Finalizadas las presentaciones de rigor, Grinspan enumeró una importante cantidad de artistas involucrados en la Red. A su turno, Dubatti hizo un análisis del estado de la dramaturgia en la Argentina y en el continente. Y Villafañe mencionó la necesidad de crear una nueva «cartografía» del teatro ante los cambios que se vienen sucediendo en América Latina. Por su parte, Boron, Bertaccini y Calloni hicieron sendos análisis pormenorizados de la actualidad social americana, de su historia reciente y del importante papel que juega el arte en las realidades cotidianas. También destacaron la existencia de la Red como fuente de conocimiento y comunicación permanente, para defender los valores de los pueblos así como para enfrentar los ataques a las soberanías y las culturas propias de cada región.

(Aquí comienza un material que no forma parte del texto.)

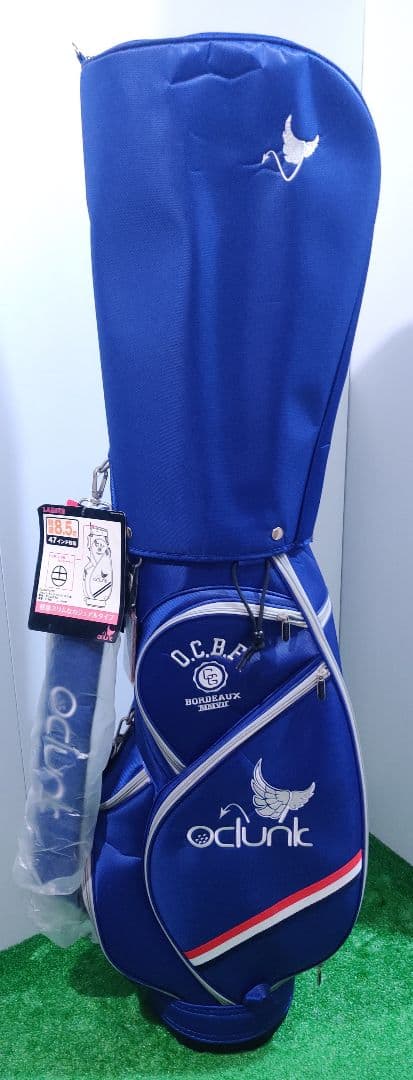 ◆未使用美品！◆Clunk　8.5インチキャディバッグ　ユニセックス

«Son muchos los núcleos de resistencia cultural; es decir, hay mucha gente que está apostando por una visión de la cultura de la emancipación, no de la cultura de la mediocridad, de la frivolidad», mencionaba Prieto desde La Habana. «Lo que pasa es que estamos desarticulados; la misión de esta Red tiene que ver con unir esos empeños, conocernos: la idea es que la gente que pretende transformar la realidad no sienta que está aislada. No somos pocos y no estamos solos en la defensa de las utopías». Ya en 1964, Leónidas Barletta decía en su famoso discurso en el Encuentro Nacional de Teatro Independiente en Rosario: «El artista del teatro independiente tiene que ser el guía moral, político y cultural de su pueblo». Medio siglo más tarde, Santos completa: «Todo teatro es político. Hacer una obra de teatro ya es un manifiesto hacia la vida y el mundo».